Called FinSpy, it specifically targets WhatsApp on both Android and iOS devices. An analysis of the code reveals that the spyware was created by a German company called Gamma Group, and that it is primarily used by state actors.
In other words, it’s a serious piece of code, as is anything that’s predominately used by governmental agencies. If this malware winds up on your device, it can collect a wide range of information and send it back to the owners of the code.
This information includes:
- Emails (including encrypted emails)
- GPS location data
- Files in memory
- Phone call records
- Messaging application data from Whatsapp, Telegram, Signa, Messenger, Viber, Threema and BBM
If there’s a silver lining to be found about FinSpy, it is the fact that in most cases, a hacker would need to gain physical access to your phone in order to install the malicious code. The exception here is if you’re using a rooted smartphone or a jailbroken iPhone. In those cases, all the hacker needs to do to install FinSpy on your device is send you an email or simple push notification.
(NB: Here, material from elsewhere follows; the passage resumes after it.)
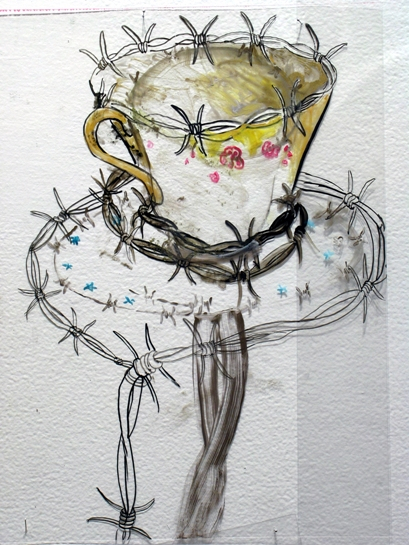 Kingston IAnderson SAfrTeaParty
At present, there’s no good way to prevent it, and no easy way to detect the malware if it finds its way onto your system. Kaspersky Lab recommends avoiding opening suspicious links received via email or SMS and to protect your phone with a strong password. Additionally, the company stresses the importance of regularly installing security updates. This is because FinSpy benefits from security flaws found in older versions of both Android and iOS operating systems.
So far, the company reports that there have only been about a dozen confirmed FinSpy installations worldwide. That’s good news indeed, but this is still a serious threat.